_Task to carry out_
Taking the entries below, transcribe only the lines starting with the one with "ślub w gongolina event garden krojenie tortu" and going on through the one with "Niğdeli sporculardan Uluslararası", exactly as written, without the pictures.

_Records shown_
┌────────

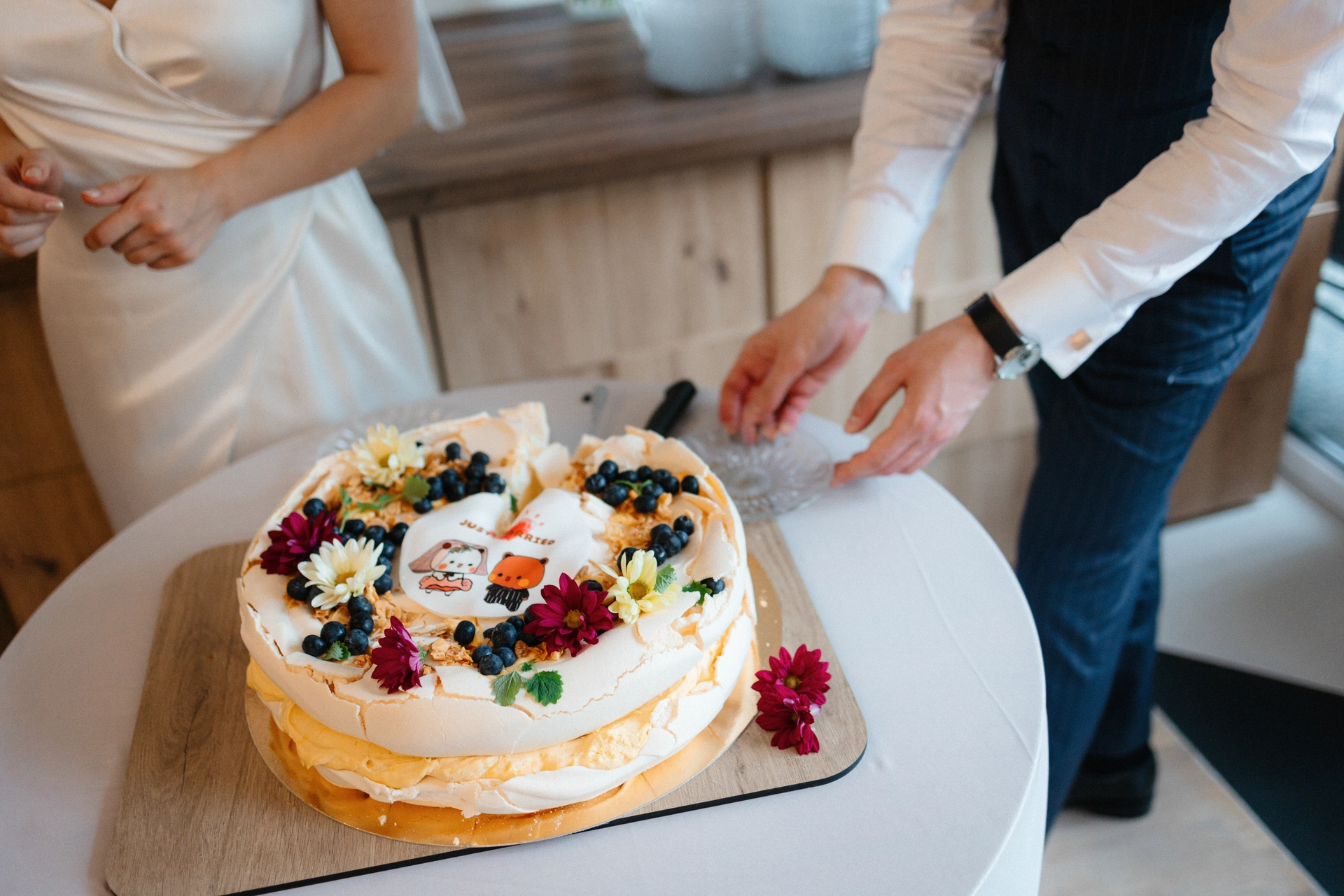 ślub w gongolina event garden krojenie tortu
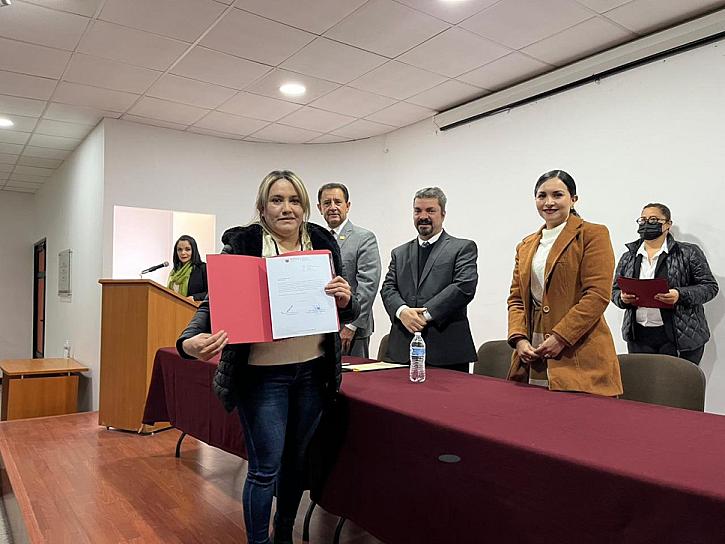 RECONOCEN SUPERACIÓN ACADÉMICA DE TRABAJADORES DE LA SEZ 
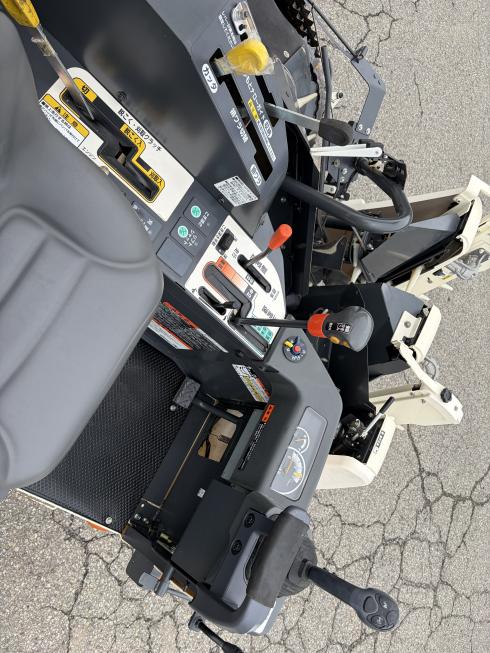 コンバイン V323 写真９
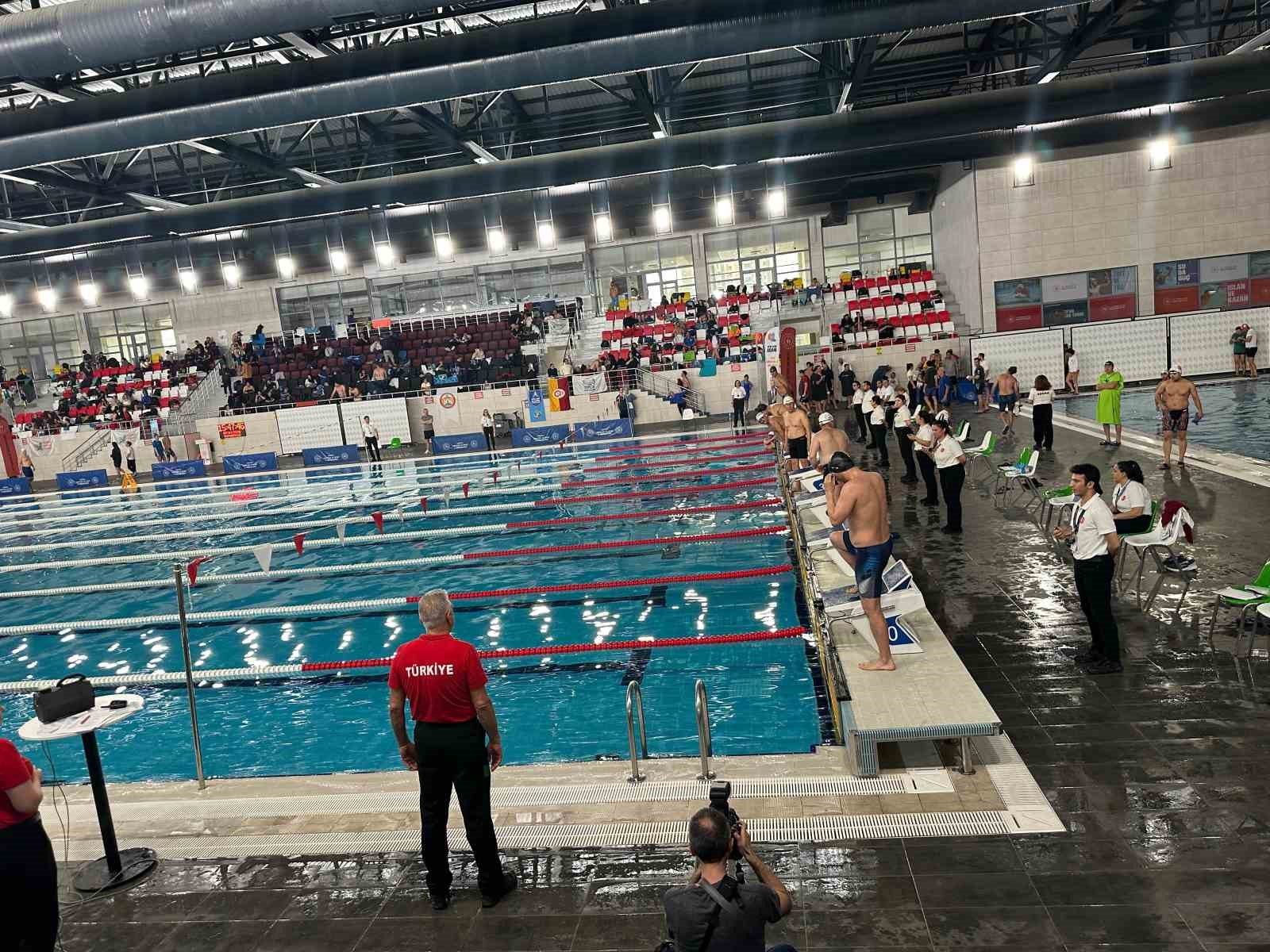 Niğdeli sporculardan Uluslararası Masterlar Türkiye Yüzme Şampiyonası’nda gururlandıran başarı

└────────
┌────────

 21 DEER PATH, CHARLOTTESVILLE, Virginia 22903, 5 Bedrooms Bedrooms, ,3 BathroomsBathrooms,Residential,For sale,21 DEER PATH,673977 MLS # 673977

└────────

_Result below_
 ślub w gongolina event garden krojenie tortu
 RECONOCEN SUPERACIÓN ACADÉMICA DE TRABAJADORES DE LA SEZ 
 コンバイン V323 写真９
 Niğdeli sporculardan Uluslararası Masterlar Türkiye Yüzme Şampiyonası’nda gururlandıran başarı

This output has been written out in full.